船に乗って川から東京の街を見た後は、隅田川の浅草周辺に次々と生まれている新しい水辺スポットを陸上から巡るツアーに。浅草はスカイツリーの開業などで注目度が高まっているが、そこに官民連携のもと隅田川の水辺空間を見直す動きが加わることで、新しいうねりが生まれているエリアである


台東区側では、東京都が管理する隅田公園で水辺空間のオープン化が進められてきた。2013年に国土交通省が「河川敷地占用許可準則」を改訂したことで、民間企業によるカフェ出店など従来にない動きが生まれている。
2014年に東京都の指定管理業者として松竹とタリーズコーヒーがそれぞれ「カフェWE」と「タリーズコーヒー隅田公園店」をオープンし、水辺の活性化に貢献している。

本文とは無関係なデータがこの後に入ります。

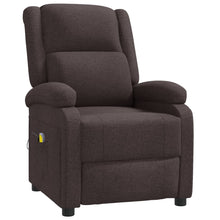 Massagestoel stof donkerbruin
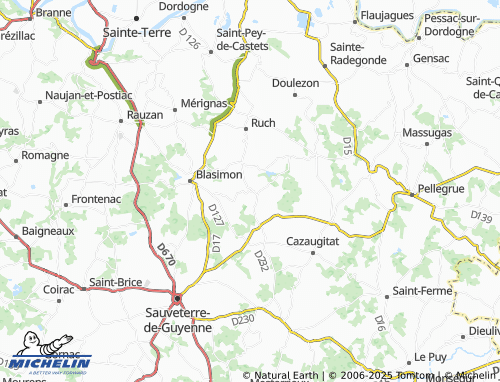 MICHELIN-Landkarte Mauriac - ViaMichelin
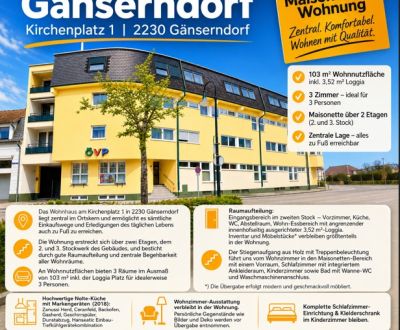 Maisonettenwohnung mit Loggia im Zentrum Gänserndorf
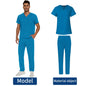 Men's Scrubs Medical Uniform Lab Set Male Wholesale Clinic Hospital Doctor Overalls V-neck Fashion Scrub Pharmacy Nurse Clothes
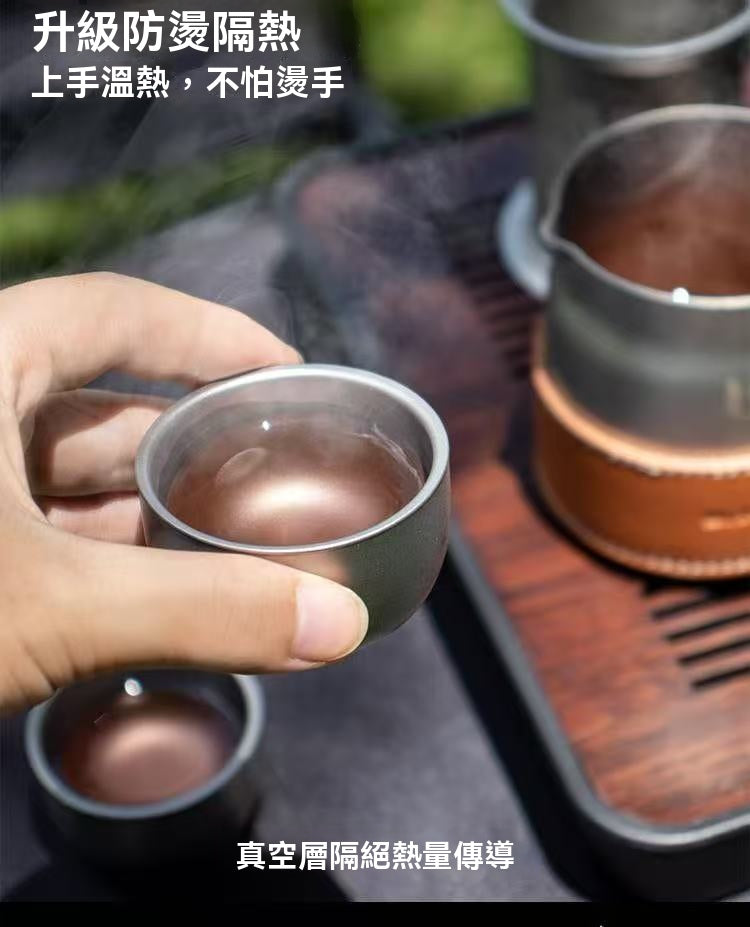 露營便攜式泡茶壺套組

「カフェWE」を運営する株式会社松竹の経営企画部・石毛宏明さんに店内を案内してもらった。営業時間は夜21時まで、さらに貸し切りなどにも対応するなど、都の公園内の店舗としては一歩踏み込んだ柔軟なオペレーションに取り組んでいる。さらに東京水辺ラインのチケット販売を開始するなど、都との連携も進められている。

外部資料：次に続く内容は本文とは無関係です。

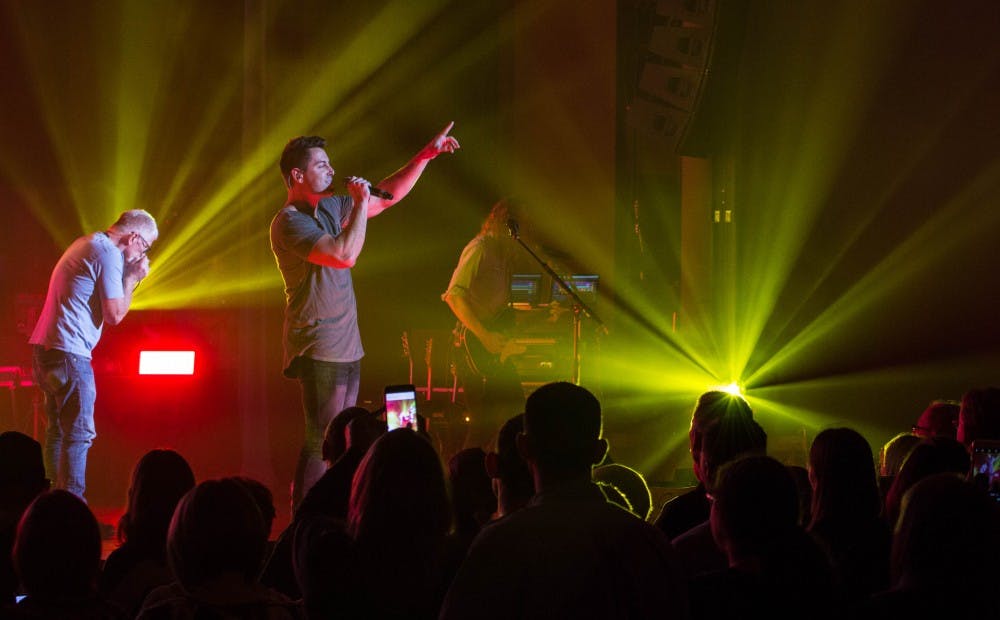 Contemporary Christian recording artist Jeremy Camp came to John R. Emens Auditorium on Nov. 4 for a night filled with worship and ministry during his I Will Follow tour. The show also featured performances from Royce Lovett and Love and the Outcome. Grace Ramey // DN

東京都側の窓口となるのは公益財団法人 東京都公園協会の水辺事業部で、公園管理とともに水上バス「東京水辺ライン」の運営なども行なっている。同調整課の大川原雄一郎さんによれば、東京都では水上バス待合施設の有効活用など、民間企業との協力で新しい試みに取り組んでいるという。


民間でも、河川に面したビルのオーナーなどの間に、新しいタイプのスポットを運営する動きが見られるようになってきた。浅草から一駅離れた蔵前では、2012年に複合施設「mirror(ミラー)」がオープン。かつてヤマハの倉庫であった地上5階建のビルを、カフェ「シエロイリオ」やスタジオ、ラウンジなど、リバービューを活かした形でリノベーションし、注目を集めている。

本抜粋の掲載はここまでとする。